Updated: Apr 10, 2014

Laboratory Studies

Serum creatine phosphokinase (CPK), as follows:

  • This level is always increased in patients with Duchenne muscular dystrophy or Becker muscular dystrophy, probably from birth. It often is increased to levels that are 50-100 times the reference range (ie, as high as 20,000 mU/mL). In late stage DMD very little muscle mass remains to give rise to an elevated serum CPK level.
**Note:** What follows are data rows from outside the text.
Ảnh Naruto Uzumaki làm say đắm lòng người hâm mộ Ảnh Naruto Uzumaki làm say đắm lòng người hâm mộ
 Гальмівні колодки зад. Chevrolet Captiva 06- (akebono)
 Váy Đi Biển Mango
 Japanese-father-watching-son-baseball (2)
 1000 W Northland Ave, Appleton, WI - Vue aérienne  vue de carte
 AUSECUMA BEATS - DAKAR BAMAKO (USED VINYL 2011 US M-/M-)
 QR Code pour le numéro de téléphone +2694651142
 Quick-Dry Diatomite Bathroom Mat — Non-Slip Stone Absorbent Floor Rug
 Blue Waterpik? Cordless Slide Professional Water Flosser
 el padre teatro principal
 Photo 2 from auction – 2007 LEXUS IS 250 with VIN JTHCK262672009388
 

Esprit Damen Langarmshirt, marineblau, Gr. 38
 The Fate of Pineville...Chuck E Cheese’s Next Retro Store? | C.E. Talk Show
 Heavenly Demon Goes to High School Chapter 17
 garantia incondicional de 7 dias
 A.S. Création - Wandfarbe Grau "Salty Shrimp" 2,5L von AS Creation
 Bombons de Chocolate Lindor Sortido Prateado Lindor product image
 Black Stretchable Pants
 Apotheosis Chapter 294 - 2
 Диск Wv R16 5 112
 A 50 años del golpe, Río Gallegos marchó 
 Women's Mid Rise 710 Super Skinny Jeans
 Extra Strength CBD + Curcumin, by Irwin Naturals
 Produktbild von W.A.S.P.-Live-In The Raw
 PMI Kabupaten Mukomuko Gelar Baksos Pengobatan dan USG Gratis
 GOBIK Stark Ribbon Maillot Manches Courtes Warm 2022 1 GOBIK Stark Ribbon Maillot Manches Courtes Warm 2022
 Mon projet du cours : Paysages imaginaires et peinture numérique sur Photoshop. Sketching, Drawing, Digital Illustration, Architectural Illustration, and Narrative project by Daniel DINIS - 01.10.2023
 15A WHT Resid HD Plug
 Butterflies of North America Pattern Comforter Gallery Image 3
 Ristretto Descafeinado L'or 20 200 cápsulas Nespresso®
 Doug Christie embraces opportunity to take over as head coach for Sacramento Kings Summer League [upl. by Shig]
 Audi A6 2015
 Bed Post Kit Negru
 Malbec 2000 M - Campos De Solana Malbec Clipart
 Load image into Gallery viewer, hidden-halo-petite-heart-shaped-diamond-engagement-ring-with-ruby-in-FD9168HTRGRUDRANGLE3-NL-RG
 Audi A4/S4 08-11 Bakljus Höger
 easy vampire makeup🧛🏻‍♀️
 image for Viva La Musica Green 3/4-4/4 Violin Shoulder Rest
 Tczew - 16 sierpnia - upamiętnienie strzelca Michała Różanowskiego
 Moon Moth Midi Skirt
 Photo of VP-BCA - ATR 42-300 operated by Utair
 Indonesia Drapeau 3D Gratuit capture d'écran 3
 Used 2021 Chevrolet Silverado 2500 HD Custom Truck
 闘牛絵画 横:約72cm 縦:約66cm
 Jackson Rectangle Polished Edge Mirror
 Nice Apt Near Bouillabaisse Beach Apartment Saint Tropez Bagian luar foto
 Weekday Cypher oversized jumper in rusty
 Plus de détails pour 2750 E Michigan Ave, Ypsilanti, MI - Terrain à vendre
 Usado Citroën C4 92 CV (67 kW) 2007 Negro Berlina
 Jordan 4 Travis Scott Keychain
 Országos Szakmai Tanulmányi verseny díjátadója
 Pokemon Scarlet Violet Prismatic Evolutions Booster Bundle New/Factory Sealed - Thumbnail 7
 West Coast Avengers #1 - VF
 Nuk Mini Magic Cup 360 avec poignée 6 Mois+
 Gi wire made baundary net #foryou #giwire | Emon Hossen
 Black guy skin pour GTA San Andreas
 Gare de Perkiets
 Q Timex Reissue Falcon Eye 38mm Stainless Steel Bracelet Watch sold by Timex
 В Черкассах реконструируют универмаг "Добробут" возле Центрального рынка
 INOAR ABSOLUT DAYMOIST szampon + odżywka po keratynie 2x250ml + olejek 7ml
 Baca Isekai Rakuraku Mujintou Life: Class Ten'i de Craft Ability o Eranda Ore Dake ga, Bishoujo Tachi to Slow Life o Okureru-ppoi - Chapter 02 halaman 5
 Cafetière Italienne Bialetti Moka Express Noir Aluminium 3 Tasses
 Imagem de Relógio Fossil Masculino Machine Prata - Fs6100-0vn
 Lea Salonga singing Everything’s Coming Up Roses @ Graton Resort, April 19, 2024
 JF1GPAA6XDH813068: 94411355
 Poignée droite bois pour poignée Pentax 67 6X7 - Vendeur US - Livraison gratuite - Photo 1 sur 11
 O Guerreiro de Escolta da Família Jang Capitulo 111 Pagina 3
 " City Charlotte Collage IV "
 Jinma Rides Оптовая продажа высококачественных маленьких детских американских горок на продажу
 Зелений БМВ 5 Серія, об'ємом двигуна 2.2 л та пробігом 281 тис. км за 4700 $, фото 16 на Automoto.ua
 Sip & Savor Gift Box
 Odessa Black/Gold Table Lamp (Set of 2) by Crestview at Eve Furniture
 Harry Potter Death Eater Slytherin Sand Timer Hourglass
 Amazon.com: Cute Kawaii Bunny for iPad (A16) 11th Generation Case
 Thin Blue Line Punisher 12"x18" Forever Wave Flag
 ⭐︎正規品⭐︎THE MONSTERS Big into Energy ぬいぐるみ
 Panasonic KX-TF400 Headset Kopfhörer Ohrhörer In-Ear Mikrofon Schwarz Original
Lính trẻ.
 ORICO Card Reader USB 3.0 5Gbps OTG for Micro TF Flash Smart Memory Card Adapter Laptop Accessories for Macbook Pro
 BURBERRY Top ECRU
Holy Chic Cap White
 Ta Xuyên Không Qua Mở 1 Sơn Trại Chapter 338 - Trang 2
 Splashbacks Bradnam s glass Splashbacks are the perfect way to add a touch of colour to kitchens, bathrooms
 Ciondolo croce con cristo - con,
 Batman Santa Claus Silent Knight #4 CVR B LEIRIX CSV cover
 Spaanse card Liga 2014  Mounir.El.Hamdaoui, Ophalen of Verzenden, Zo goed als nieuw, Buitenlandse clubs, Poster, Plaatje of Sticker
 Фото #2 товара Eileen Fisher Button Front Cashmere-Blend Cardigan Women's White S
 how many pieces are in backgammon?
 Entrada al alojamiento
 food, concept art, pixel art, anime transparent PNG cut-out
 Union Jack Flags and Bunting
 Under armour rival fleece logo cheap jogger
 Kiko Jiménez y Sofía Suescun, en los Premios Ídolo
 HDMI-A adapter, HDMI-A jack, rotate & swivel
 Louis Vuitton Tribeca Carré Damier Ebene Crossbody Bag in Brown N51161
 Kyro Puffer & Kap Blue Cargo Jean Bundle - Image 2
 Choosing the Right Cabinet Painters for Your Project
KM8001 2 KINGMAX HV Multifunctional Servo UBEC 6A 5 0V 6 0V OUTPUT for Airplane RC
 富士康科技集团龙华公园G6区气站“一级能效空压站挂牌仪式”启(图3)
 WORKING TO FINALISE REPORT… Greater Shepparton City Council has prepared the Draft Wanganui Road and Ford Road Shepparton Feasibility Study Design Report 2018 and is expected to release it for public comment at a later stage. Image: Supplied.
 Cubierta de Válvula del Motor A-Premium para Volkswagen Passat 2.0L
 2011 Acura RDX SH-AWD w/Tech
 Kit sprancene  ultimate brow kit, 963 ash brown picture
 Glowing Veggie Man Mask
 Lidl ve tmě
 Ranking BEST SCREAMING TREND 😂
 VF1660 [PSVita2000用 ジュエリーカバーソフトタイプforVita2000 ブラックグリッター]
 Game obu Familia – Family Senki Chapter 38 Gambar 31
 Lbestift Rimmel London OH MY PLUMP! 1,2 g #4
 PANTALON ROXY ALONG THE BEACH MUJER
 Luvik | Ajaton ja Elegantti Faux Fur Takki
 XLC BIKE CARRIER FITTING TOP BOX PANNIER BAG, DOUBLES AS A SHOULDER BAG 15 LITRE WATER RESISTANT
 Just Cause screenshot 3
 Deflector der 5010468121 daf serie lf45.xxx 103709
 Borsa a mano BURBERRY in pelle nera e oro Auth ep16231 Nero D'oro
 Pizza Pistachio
Recognizing that the natural history of serum CPK in DMD is known to decrease over time, especially for longer-term clinical trials, is important.
  • A child or young adult with a CPK level within the reference range does not likely have a dystrophinopathy.
  • Strongly suspect Duchenne muscular dystrophy in a child with proximal weakness and very elevated levels of CPK. Perform further specific diagnostic testing, including DNA mutation analysis, to confirm the underlying diagnosis (see Other Tests).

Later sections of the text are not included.